- Task brief
Output every entry below exactly, without its pictures.

======== Provided data ========

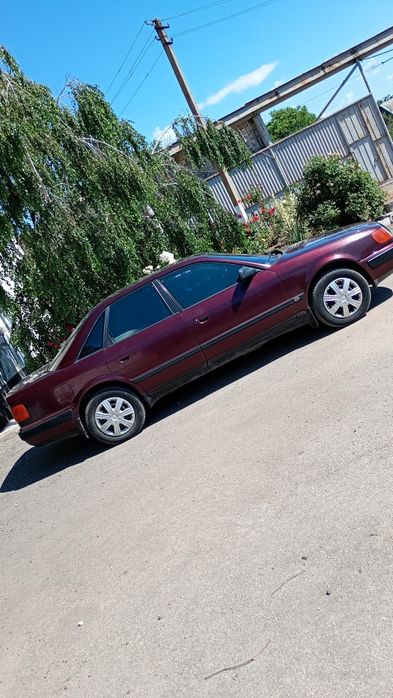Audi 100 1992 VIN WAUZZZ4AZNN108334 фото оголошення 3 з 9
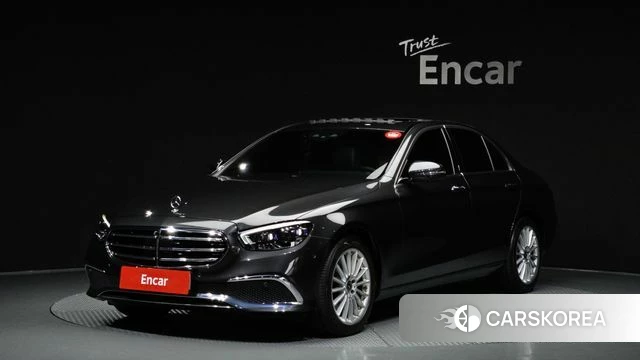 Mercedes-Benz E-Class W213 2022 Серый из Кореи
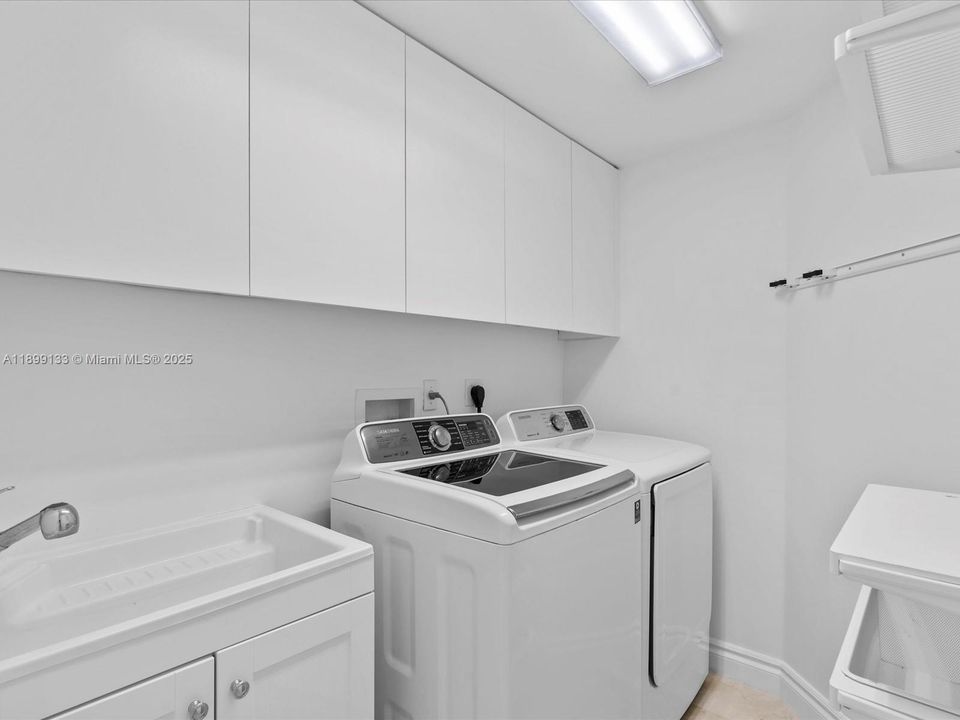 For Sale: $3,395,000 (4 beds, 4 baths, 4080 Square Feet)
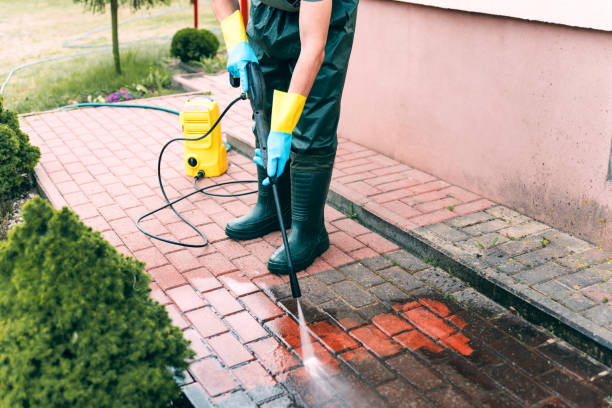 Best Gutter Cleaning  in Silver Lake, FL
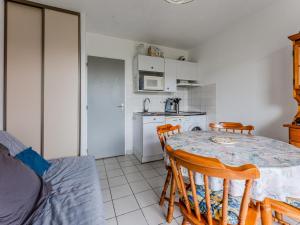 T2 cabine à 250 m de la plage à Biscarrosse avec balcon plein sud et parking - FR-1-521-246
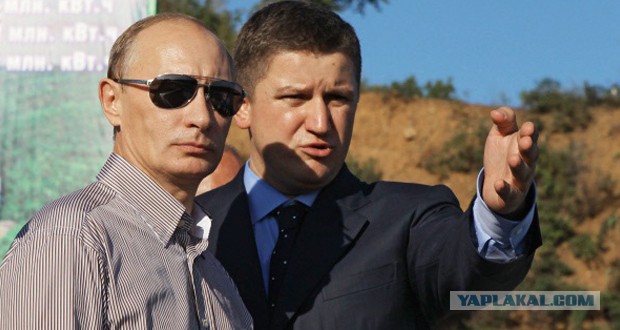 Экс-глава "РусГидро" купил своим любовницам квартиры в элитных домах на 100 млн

========

- Reply
Audi 100 1992 VIN WAUZZZ4AZNN108334 фото оголошення 3 з 9
 Mercedes-Benz E-Class W213 2022 Серый из Кореи
 For Sale: $3,395,000 (4 beds, 4 baths, 4080 Square Feet)
 Best Gutter Cleaning  in Silver Lake, FL
 T2 cabine à 250 m de la plage à Biscarrosse avec balcon plein sud et parking - FR-1-521-246
 Экс-глава "РусГидро" купил своим любовницам квартиры в элитных домах на 100 млн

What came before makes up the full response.